Stored items from a collection:
______________________________
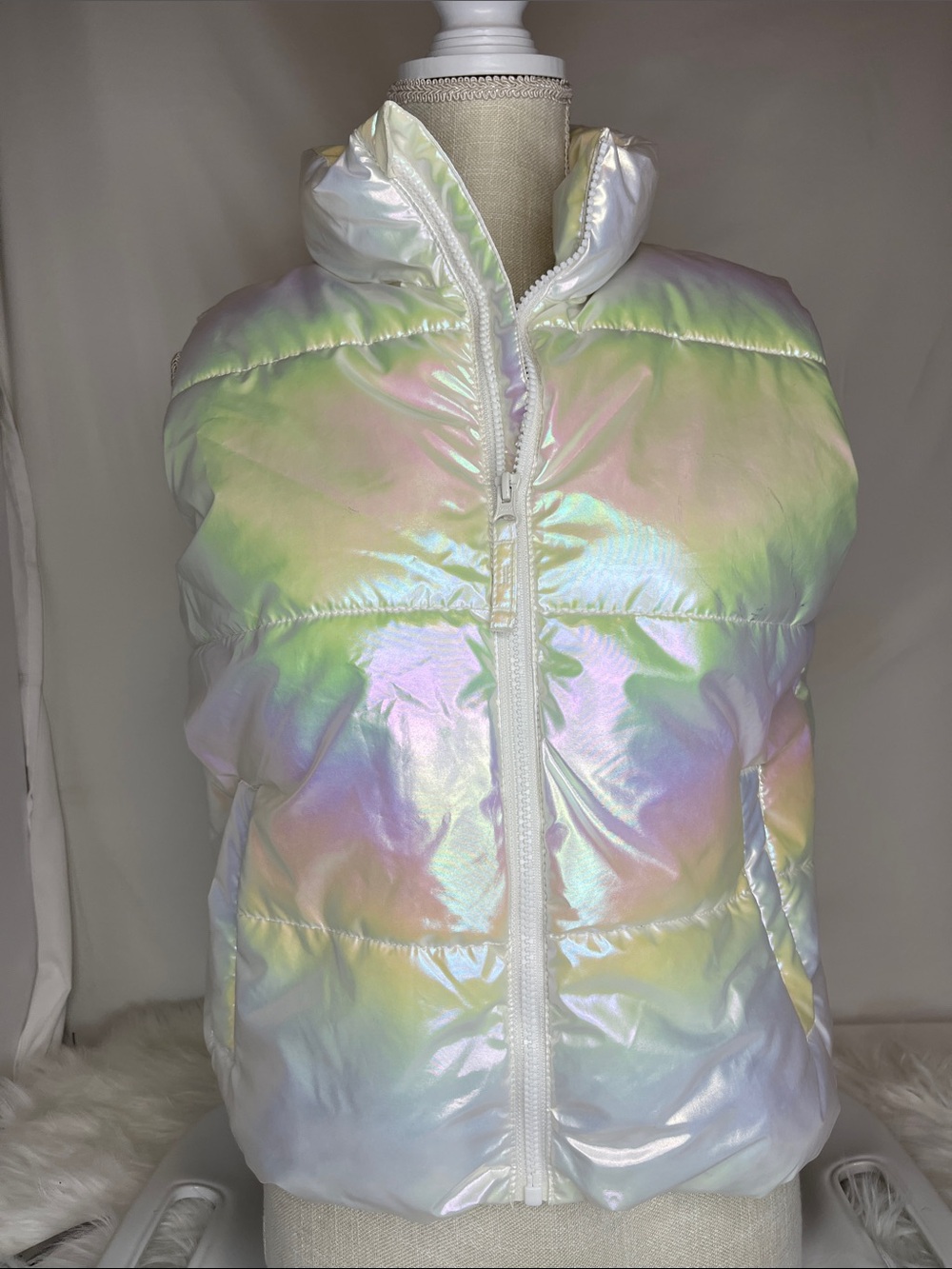 Old Navy Iridescent Puffer Vest - White with Rainbow Hues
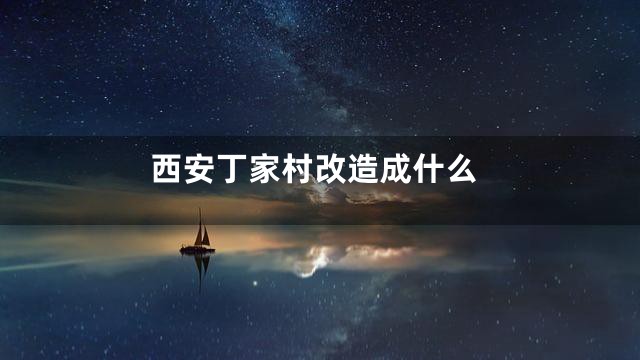 西安丁家村改造成什么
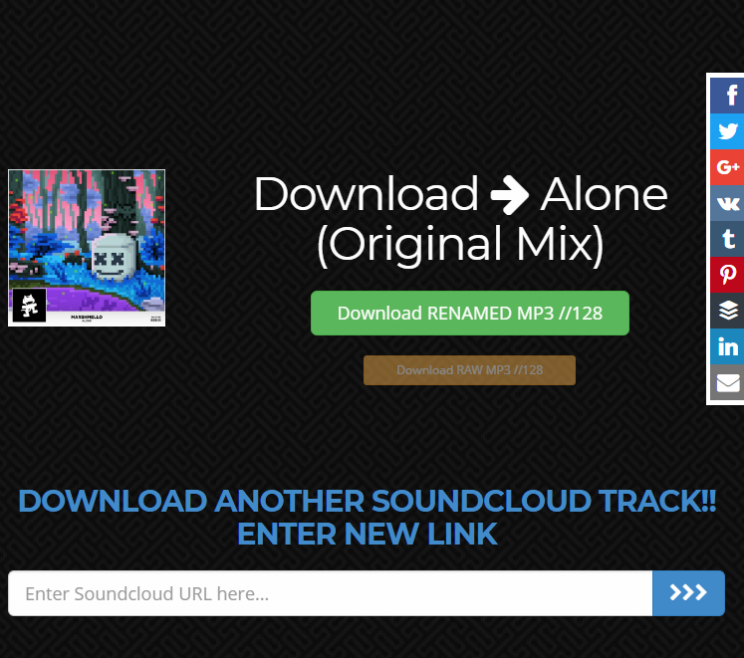 SoundcloudIntoMp3.com download tracks from soundcloud tutorial step 3 check the right info see download buttons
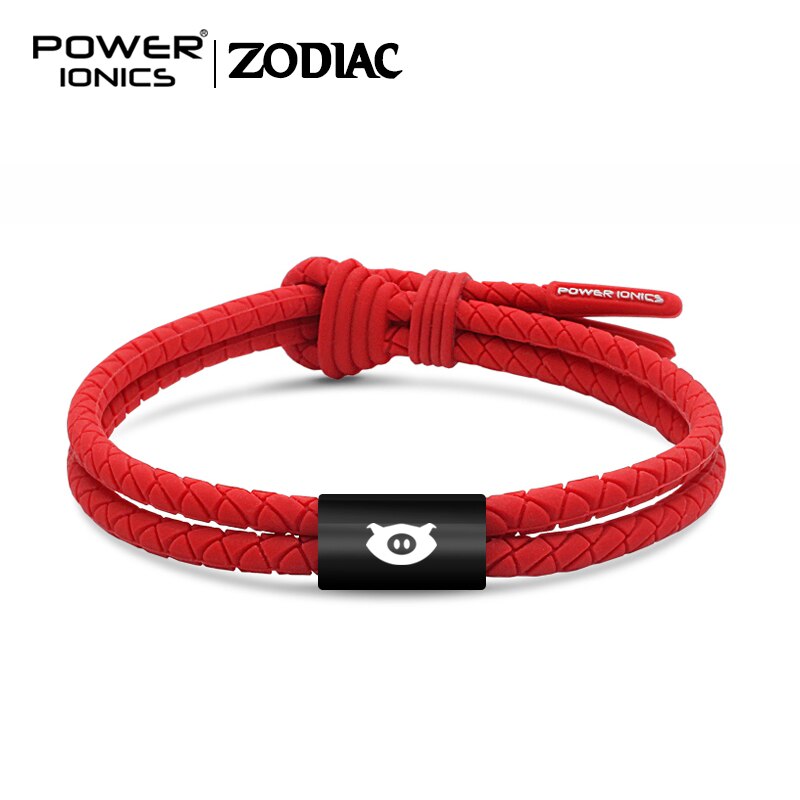 Power Ionics WEAVE BAND Unisex Waterproof Ions and Germanium Sports Bracelet Free Lettering: Red-Pig Ring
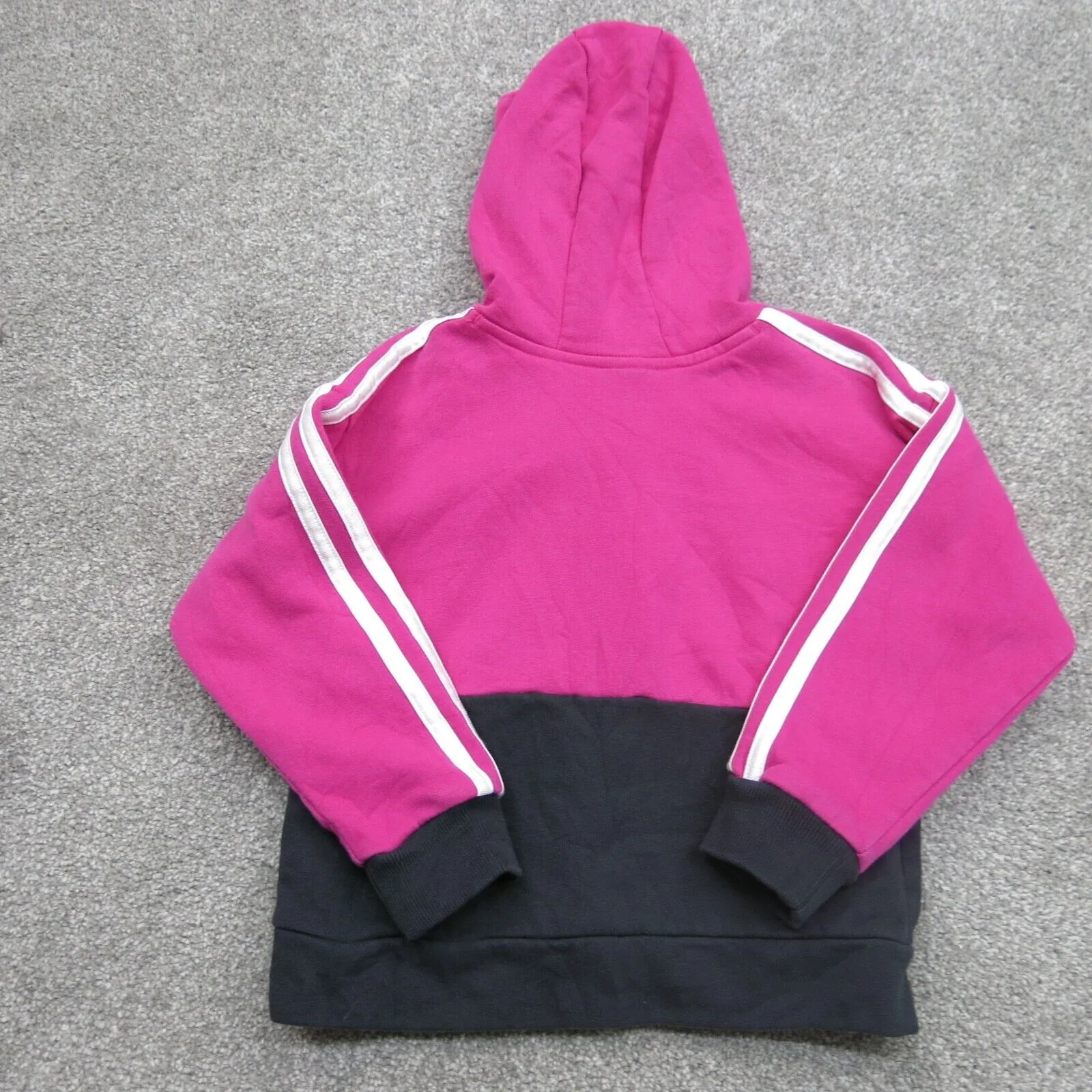 adidas Hoodie Girls Size ? Pink Black Solid Big Logo Short Sleeve Sweatshirt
______________________________
WHAT YOU NEED TO DO ->
Each record must be quoted in full and exactly. Do not include the pictures.

TASK OUTPUT ->
 Old Navy Iridescent Puffer Vest - White with Rainbow Hues
 西安丁家村改造成什么
 SoundcloudIntoMp3.com download tracks from soundcloud tutorial step 3 check the right info see download buttons
 Power Ionics WEAVE BAND Unisex Waterproof Ions and Germanium Sports Bracelet Free Lettering: Red-Pig Ring
 adidas Hoodie Girls Size ? Pink Black Solid Big Logo Short Sleeve Sweatshirt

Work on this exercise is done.